── RECORDED DATA ──
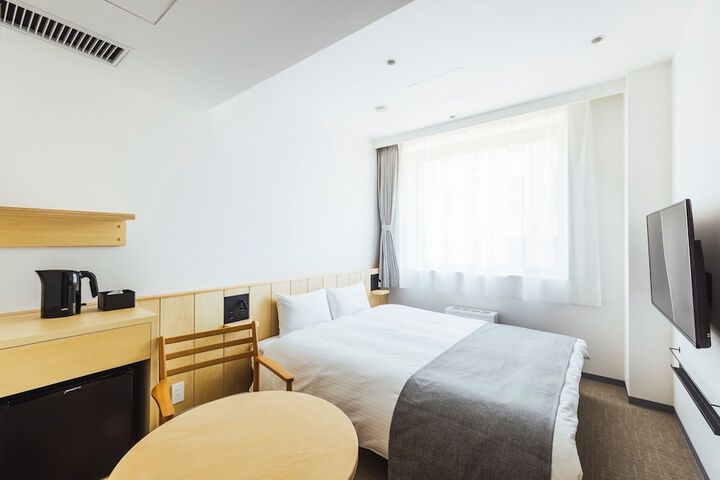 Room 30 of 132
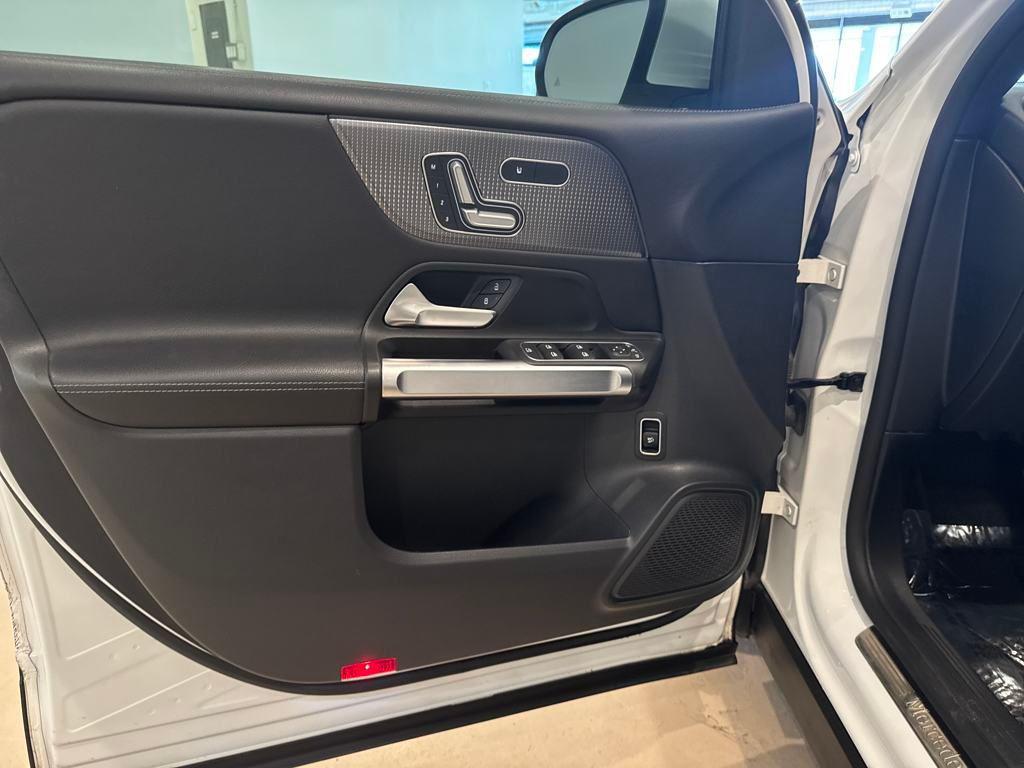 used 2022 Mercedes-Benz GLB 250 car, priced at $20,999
───
── RECORDED DATA ──
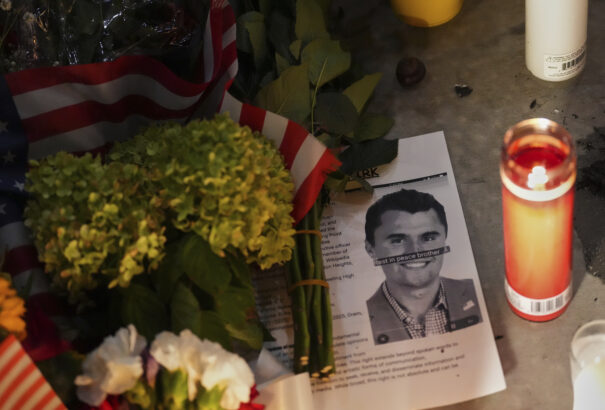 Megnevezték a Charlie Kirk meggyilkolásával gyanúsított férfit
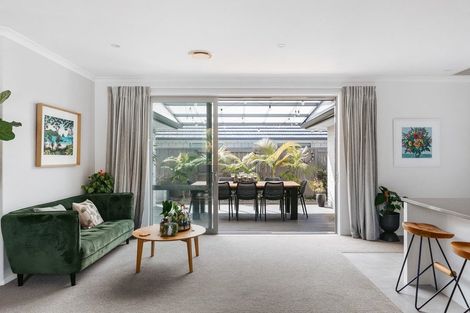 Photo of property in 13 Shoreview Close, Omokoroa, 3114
───
● **TASK OBJECTIVE**
All lines above from the one containing "Room 30 of 132" up to and including the one containing "used 2022 Mercedes-Benz" are to be set down exactly, and nothing else. Leave images out.

● **COMPLETED EXERCISE**
 Room 30 of 132
 used 2022 Mercedes-Benz GLB 250 car, priced at $20,999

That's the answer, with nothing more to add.